Technical documentation of the server-side web crawler. Covers architecture, URL normalisation pipeline, deduplication, internal PageRank engine, adaptive priority scoring, orphan detection and all export formats.
The Web Crawler is a lightweight but feature-rich server-side crawling engine built entirely in Node.js without browser automation. Starting from a given base URL it recursively discovers internal links, analyses each page and produces a comprehensive dataset covering SEO signals, content quality, canonical state, link structure and sitemap data.

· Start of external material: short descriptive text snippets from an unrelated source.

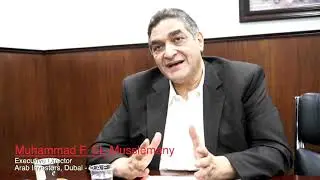 Muhammad F. EL-Musslemany | Executive director | Arab Investors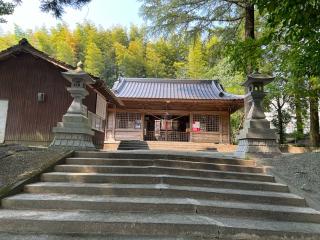 湯之尾神社の参拝記録(ちょりさん)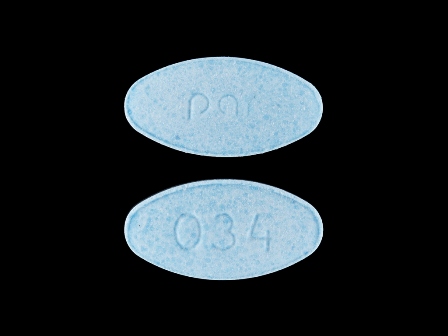 Par 034: (51079-089) Meclizine Hydrochloride 12.5 mg Oral Tablet by Udl Laboratories, Inc.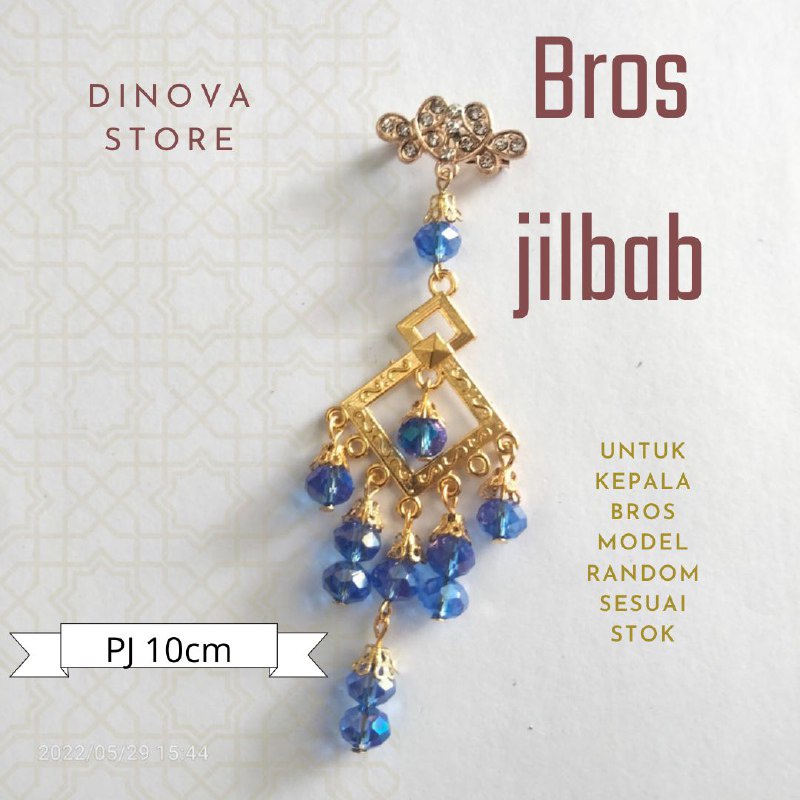 Bros dagu chamr gold/bros dagu cantik by dinova store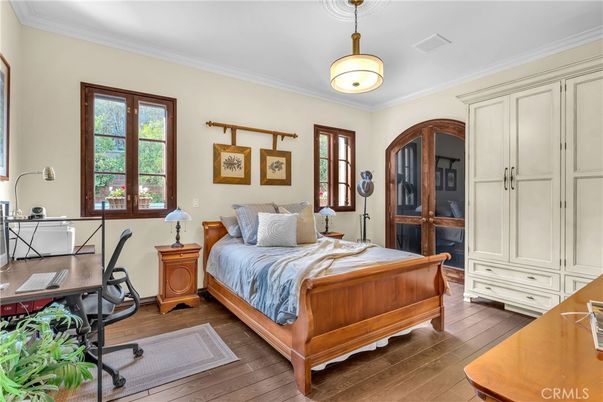 Bedroom, Home Office, Interior, Wood Texture Flooring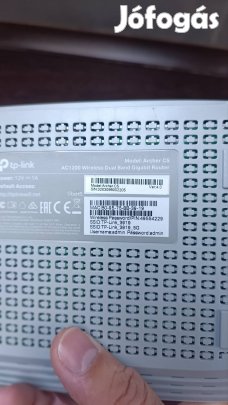 TP-Link Archer C5 router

The crawler integrates with an existing sitemap.xml if present, uses it as a seed list and enriches crawl results with original priority and lastmod values. After crawling, a multi-stage post-processing pipeline runs duplicate detection, internal PageRank calculation, orphan detection and priority scoring before the final result is returned.
Capabilities at a glance
Max pages: 250 (configurable per request)
Concurrency: Sequential with 200 ms politeness delay
Redirect handling: Up to 5 hops (301/302/303/307/308)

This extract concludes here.